Ahora soy yo, sin la autoridad ni el prestigio que tenía Adán Izquierdo un cuarto de siglo atrás, el que intenta convencerlo de que la solución es política, de que el mejor camino es alcanzar un acuerdo satisfactorio con el gobierno en La Habana. Debo confesar que me veo apurado para convencerlo. Quizás porque hasta a mí mismo me cuesta un enorme trabajo creerlo. Eso de que Santos y los de su clase van a permitirnos vincularnos a la vida política del país, con garantías plenas, para que ejercitemos el trabajo de organización y movilización popular, y a protegernos para que no nos asesinen, no resulta fácil de creer ni siquiera para mí mismo. Así que convencer a otros, mucho más jóvenes y dispuestos a lo que la vida les exija, de que lo más justo y conveniente es firmar la paz no resulta una tarea sencilla.

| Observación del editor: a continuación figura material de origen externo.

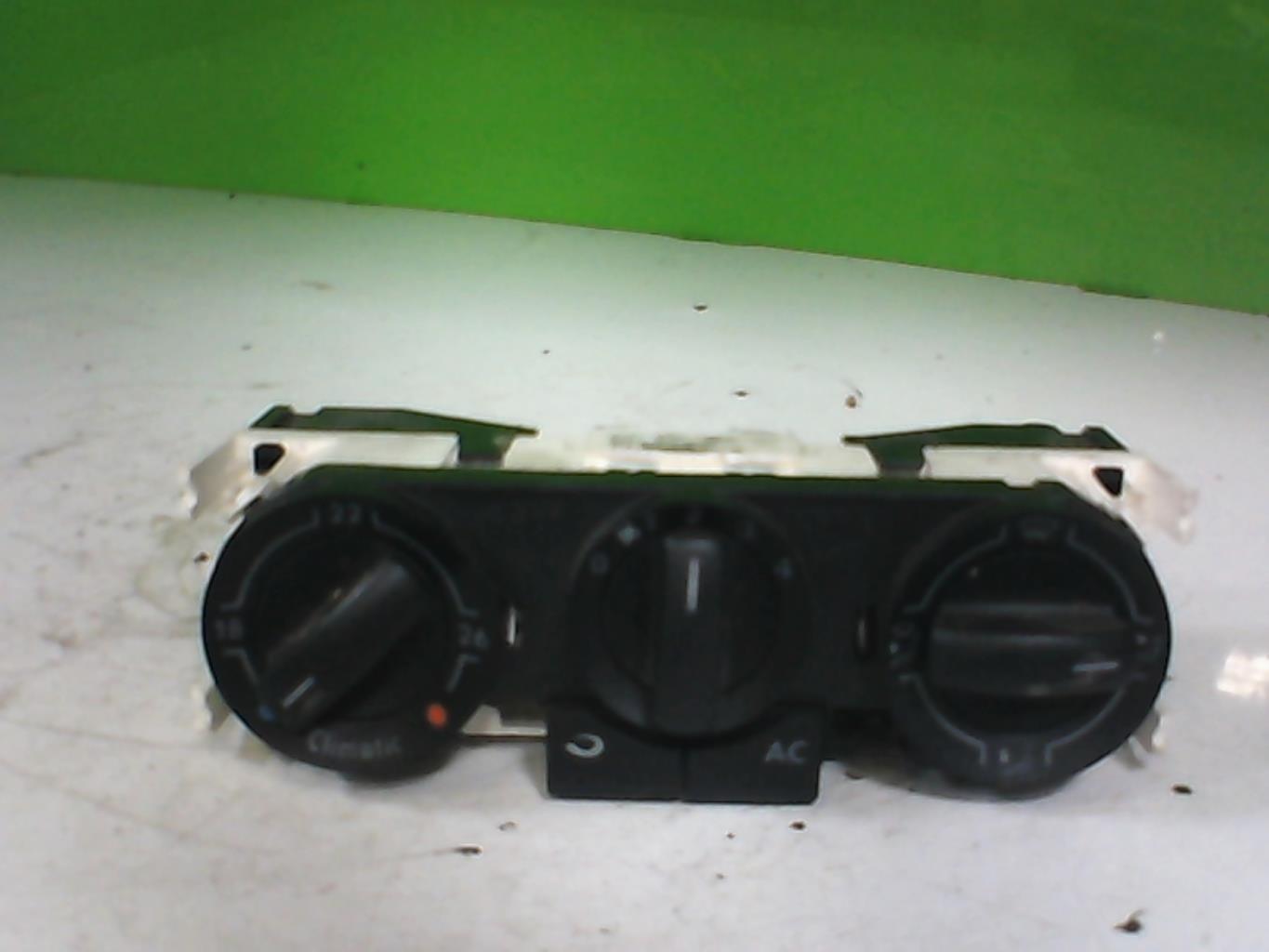 Commande chauffage VOLKSWAGEN POLO 4 PHASE 2 Diesel - 1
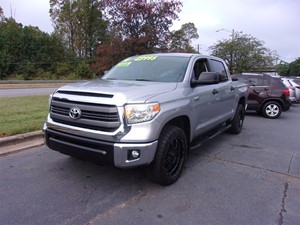 2014 Toyota Tundra SR5 5.7L V8 FFV Crewmax 4WD for sale by dealer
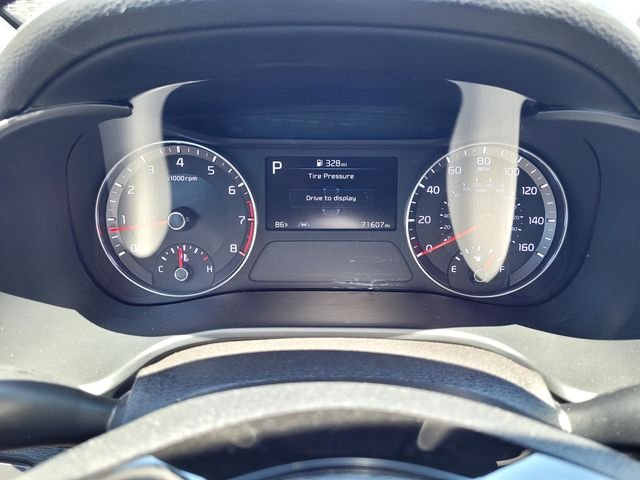 Used 2023 White Kia LXS image 21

No puedo decirles que tras el Acuerdo Final de La Habana las cosas en Colombia serán completamente distintas. Porque del Presidente para abajo, todos los altos funcionarios y los generales de la República están declarando a diario en los medios que nada va a cambiar en nuestro país porque la guerrilla lo esté exigiendo en la Mesa de Diálogos. Ni el modelo económico, ni la política social del Estado, ni la doctrina militar, ni las fuerzas armadas, ni ninguna de las instituciones vigentes van a ser modificados. Lo que se pacte en La Habana de todas maneras tendría que ser ejecutado por el Estado colombiano, sin acuerdos de paz o con ellos. De hecho ya hay en curso unas reformas y leyes que incluso superan las expectativas de la mesa de conversaciones, dicen los de arriba todo el tiempo.

Las cosas en realidad no tiene por qué cambiarlas un gobierno o un régimen como este. Las cosas solo podrán cambiarse con un amplísimo movimiento popular movilizado por las transformaciones que reclama. Lo que tenemos que hacer es crear, construir, edificar junto con otras fuerzas progresistas o revolucionarias, ese movimiento capaz de estremecer a fondo los cimientos oligárquicos en los que se asienta Colombia. Esa en realidad ha sido siempre nuestra meta. Hemos intentado alcanzarla con las armas en la mano por más de medio siglo. Y no lo hemos conseguido. Por muchas razones. Aspiramos a generar las condiciones que nos posibiliten en la realidad trabajar en esa dirección, sin que nos maten o encarcelen por ello. De todos los compromisos y promesas que pueda firmar el gobierno para poner fin al conflicto armado, nos interesa en lo fundamental ese. El resto tendrá que conquistarlos el pueblo con sus luchas. Y nuestra aspiración es conducirlo a ellas. Lo demás vendrá por añadidura, así es, mi hermano.